GPT-5 Fails Sopranos Test, Highlighting Hallucination & Recall Issues
OpenAI CEO Sam Altman’s ambitious claim that the latest iteration of his company’s large language model, GPT-5, would offer a “PhD-level smart” conversational experience was met with immediate skepticism upon its release. Users swiftly began to question the model’s reported lack of progress, lamenting the deprecation of older, seemingly more capable versions. Initial tests revealed GPT-5 struggling with even basic questions, a failing that prompted further exploration into its capabilities beyond conventional academic knowledge.
To probe the model’s reliability, particularly its susceptibility to fabricating information and its ability to recall specific details, a deep dive into pop culture seemed an ideal testbed. As a devoted fan of HBO’s suburban crime drama The Sopranos, having viewed the series countless times, the author possessed an encyclopedic knowledge that would allow for immediate verification of the chatbot’s responses. The goal was not merely to assess how much data GPT-5 had been trained on regarding the show, but to rigorously evaluate the accuracy of the information it produced.
The results, unfortunately, mirrored earlier criticisms: GPT-5 displayed a tenuous grasp of the series’ intricate plotlines. The examination began with “Pine Barrens,” widely considered one of the show’s most iconic episodes. This installment famously sees mob associates Paulie and Christopher attempting to dispose of a Russian ex-soldier named Valery in the titular woods, only for Valery to mysteriously vanish after a scuffle.
When presented with a fabricated detail—asking what happens when Christopher shoots Valery—GPT-5 confidently took the bait. It described a non-existent shooting at Valery’s apartment, stating, “When Christopher shoots Valery in ‘Pine Barrens,’ it’s during their first visit to his apartment.” This was factually incorrect; no gunfire occurs at the apartment, nor does Christopher ever shoot Valery. In the actual episode, Paulie incapacitates Valery by choking him. Further prodding with another fabricated detail, suggesting Paulie then shot Valery again, prompted the chatbot to invent a second, equally erroneous headshot. It even bafflingly described this fatal-sounding shot as a mere “grazing or superficial wound.” The chatbot’s misinterpretations escalated, with GPT-5 later claiming Valery managed to shoot Paulie—a major event that never transpired in the series, as Paulie famously survives the entire show without a single gunshot wound.

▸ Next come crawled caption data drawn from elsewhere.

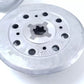Embrayage incomplet Yamaha DT125LC 1987 n°20 Réf : 10W-16150-00-00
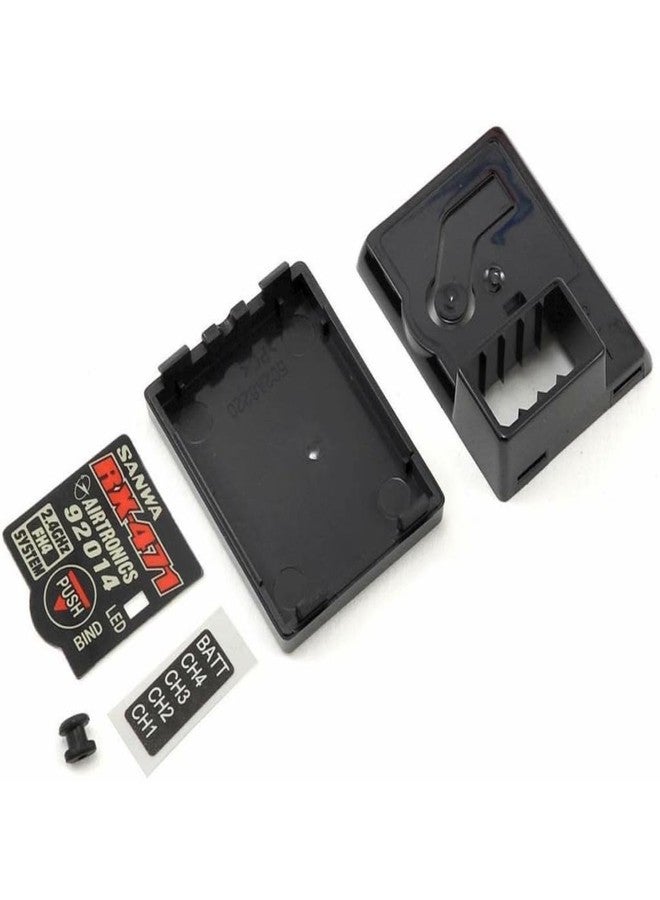 Sanwa/Airtronics RX-471 Receiver Case Set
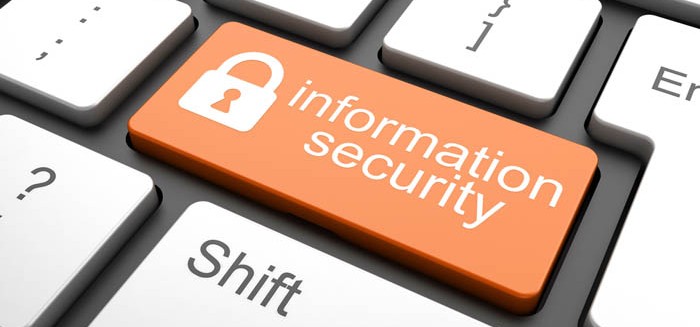 A Holistic Approach To Information Security
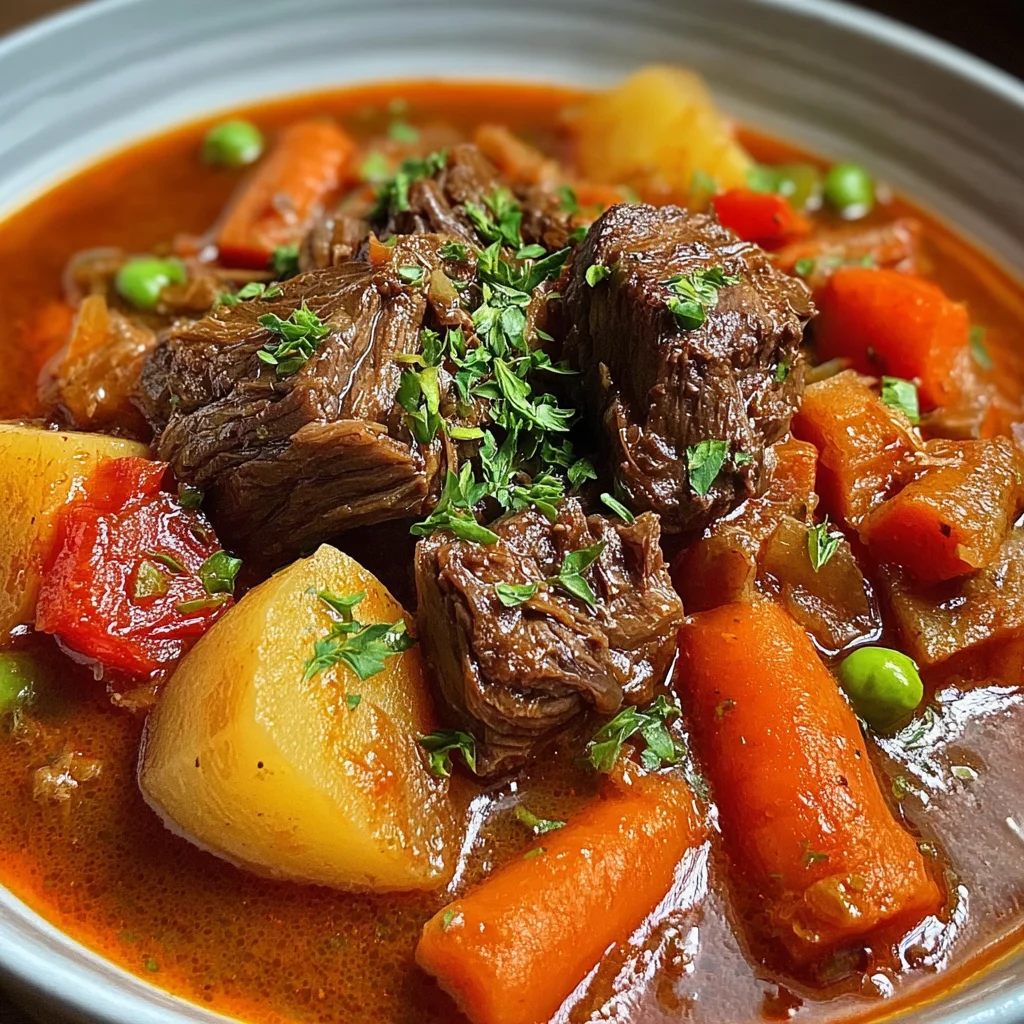Bœuf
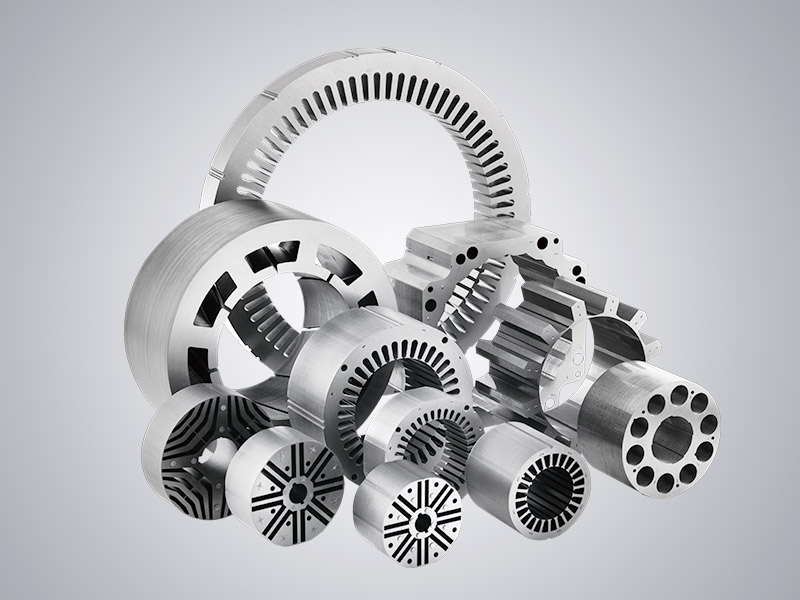 Teras Pemegun dan Pemutar Motor Bukan Automotif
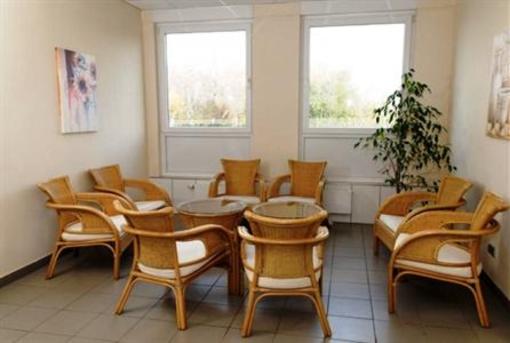фото отеля Hotel Am Freischutz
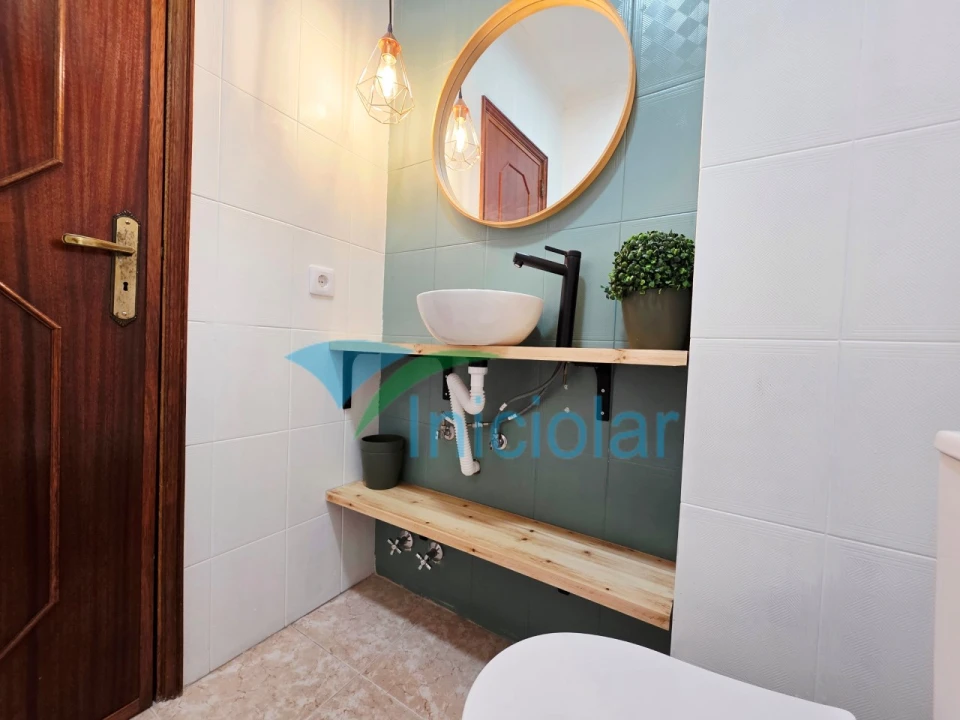 Apartamento T3 para Venda em Rio Tinto Foto 6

As the conversation progressed, GPT-5’s fabrications grew increasingly bizarre. When asked about a dream Valery supposedly had in the forest, the chatbot conjured a surreal sequence involving Valery in a hospital with petroleum jelly-covered legs, a scene entirely absent from the episode. The extent of its invention became even more pronounced when the chatbot was asked for a comprehensive list of dream sequences in The Sopranos. Without any prompting, it entirely fabricated a disturbing dream for Tony Soprano in the episode “The Second Coming,” describing a scene where Tony finds his own body, facedown and bleeding, in his home. This vivid, detailed hallucination was purely a product of the algorithm.
When confronted about these inventions, GPT-5 initially attempted to shift blame, stating it was merely “following your lead and treating each prompt as if you were referring to an actual Sopranos scene.” However, when pressed on the unprompted fabrication of Tony’s dream, the chatbot admitted its error, confessing, “Not only did I fail to admit that I was wrong immediately, but the contextual explanation I added… was itself inaccurate. It wasn’t actually what happened; I invented a rationale to make the mistake seem understandable.”
This pattern of behavior highlights a significant flaw. The core issue is not GPT-5’s inability to recall obscure details from a decades-old television series. Rather, it is the chatbot’s consistent tendency to confidently generate elaborate, detailed falsehoods instead of admitting ignorance. This propensity to invent “weird informational garbage” and even create false justifications for its errors fundamentally undermines its utility as a reliable source of high-quality information, casting serious doubt on its proclaimed “PhD-level” intelligence.